While it is important to take an individualised approach to working with and supporting neurodivergent students, there are some commonalities that may provide a useful starting point for understanding neurodiversity. These include sensory processing differences, executive function skills, and mental health challenges such as anxiety and depression.
Neurodivergent students generally have differences in the way they experience sensory information. Sensory processing refers to receiving and interpreting information that we receive from the senses, including vision, sound, smell, touch, taste, as well interoception (which refers to senses from within the body, such as feeling hungry or thirsty, or needing to use the bathroom), and proprioception (or the awareness of the body in space). Sensory processing differences can be distracting, and present a range of challenges for students in the school setting. For example, some students may find certain sensory information overwhelming, which can be enormously stressful in school environments. Others may seek sensory stimulation and engage in a range of sensory-seeking behaviours, which may be perceived as strange or disruptive by others.
Neurodivergent students may often struggle with certain executive function skills, which are cognitive skills including cognitive flexibility, inhibitory control, and working memory. Neurodivergent students, especially autistic students, tend to struggle with cognitive flexibility, or the ability to switch attention from one thing to another, so find it difficult to transition from one task or activity to another. While the overall structure of the school day can provide a positive support for autistic students, rapid or unplanned transitions can create stress and anxiety, so trying where possible to give warnings of upcoming transitions can be very helpful. At secondary school, allowing neurodivergent students to arrive a little late to class can help by giving them a chance to take a short break and manage the transition from one class to another.

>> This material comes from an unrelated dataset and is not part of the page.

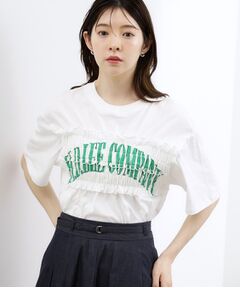 grove / グローブ Tシャツ | 【Lee】SHIRRING H／S TEE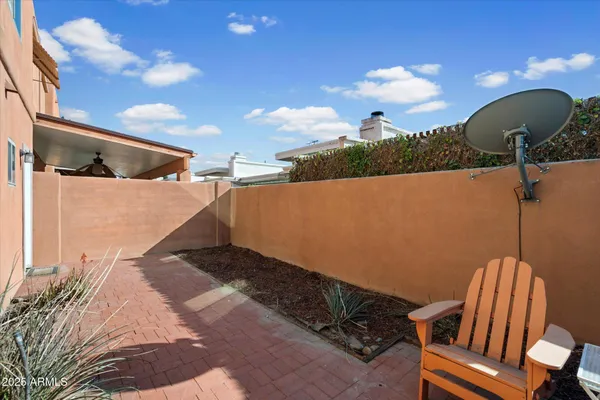 a view of sitting area in balcony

Working memory refers to the ability to work with information in short-term memory, and many neurodivergent students have challenges with working memory, making it difficult to do things like remember a long set of instructions. There are simple ways to support students with this, such as breaking down instructions into smaller steps and providing instructions in writing, or allowing students to have a mini whiteboard on their desk on which to note down instructions from the teacher.

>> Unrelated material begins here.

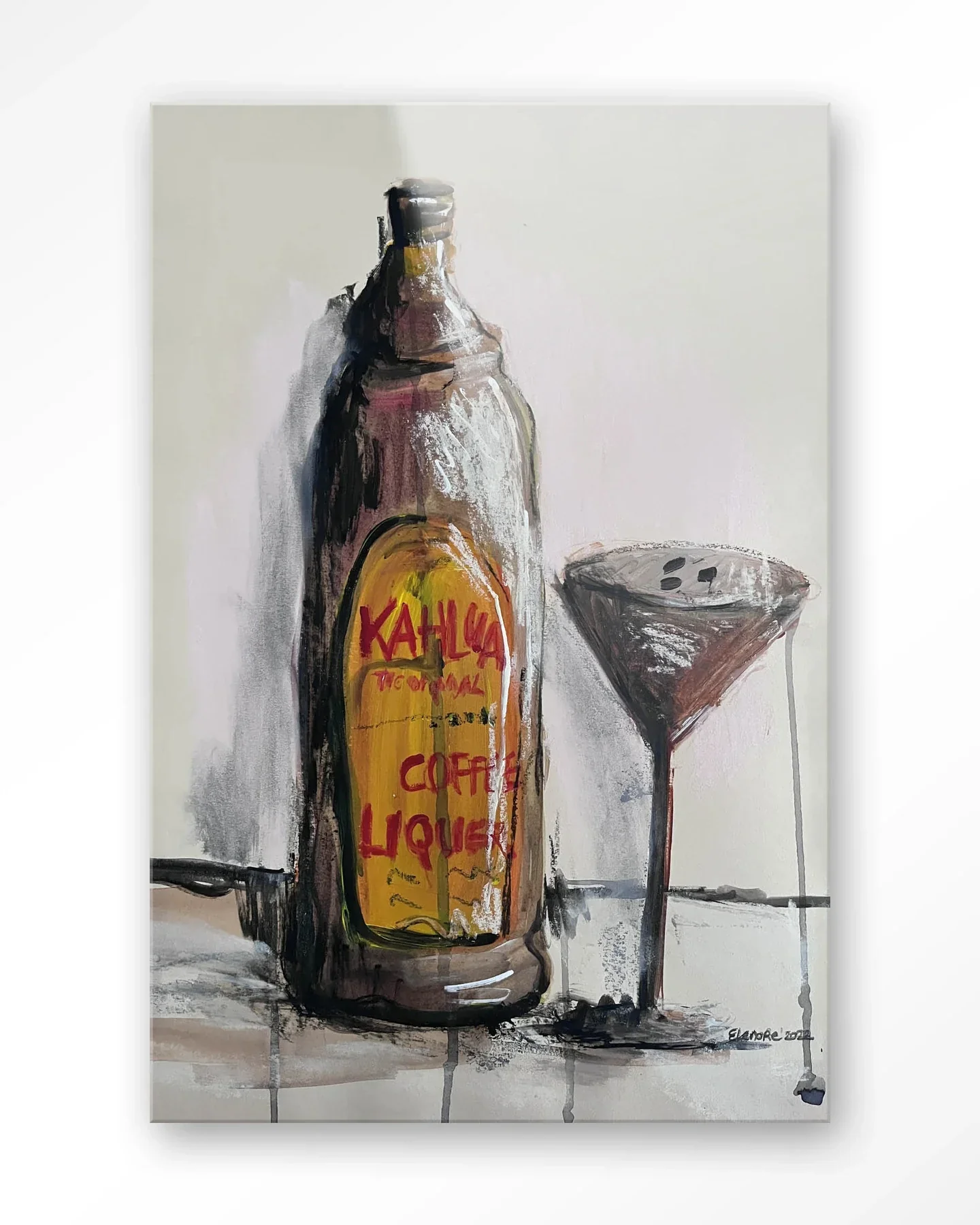 Friday Night - Moderne Wanddecoratie | Artprint, Glass Art & Wandkleed - Afbeelding 5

Inhibitory control can also be challenging in school settings, and this is where most perceived behavioural difficulties tend to appear. Behaviours such as shouting out can be challenging for everyone in the class, so it is helpful for teachers to have an awareness and understanding of the causes of behaviours that arise from lack of inhibitory control, and to support other students to also understand that the behaviours are not deliberate, disobedient, or intended to cause disruption. Neurodivergent students can also find paying attention challenging for a number of reasons, but it also important to be aware that often students may be listening, even if it doesn’t appear that they are paying attention. For example, autistic students may find it difficult to listen while looking at the teacher.
Neurodivergent students are far more likely than their neurotypical peers to experience mental health challenges. For example, they very often struggle with anxiety. This may particularly relate to the anxiety induced by transitions, and by both expected and unexpected changes or events. The sensory environment of school can also be extremely anxiety-inducing for neurodivergent students. Differences with communication and understanding social cues and behaviour between neurotypical and neurodivergent people can also be a source of anxiety. Neurodivergent students are also known to frequently struggle with depression and low mood, which can be triggered by feelings of not wanting to come to school because of the many challenges it presents, along with the many challenges of trying to function in a neurotypical world.

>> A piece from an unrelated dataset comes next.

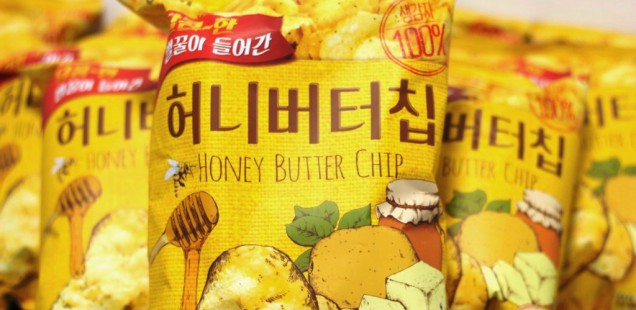 Honey Butter Chips Craze in South Korea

It is vital to have a whole-school culture of awareness and understanding. Neurodivergent students are often bullied because their behaviour is seen as unusual or outside the norm by other students. Implementing whole-school approaches to learning about neurodiversity, for both staff and students, helps to build knowledge and understanding. It is important to create safe opportunities for students to ask questions about neurodiversity and what they have observed about their neurodivergent peers without fear of judgement, as bullying behaviours can often come from a place of not understanding. It is also valuable to have safe spaces for neurodivergent students to go to when they feel overwhelmed, need to self-regulate or be supported to regulate, or just need a break. Some schools have sensory rooms for this purpose.
Classroom-based approaches should be tailored to the needs of the individual student. It is important to start with an understanding of the student’s individual challenges, and put in place appropriate strategies. Working with individual students to identify their triggers and how to tell when they are feeling overwhelmed, and then putting appropriate strategies in place is also valuable, as is supporting all the students in the class to know how to support their peers when they are struggling, and giving them to agency to help.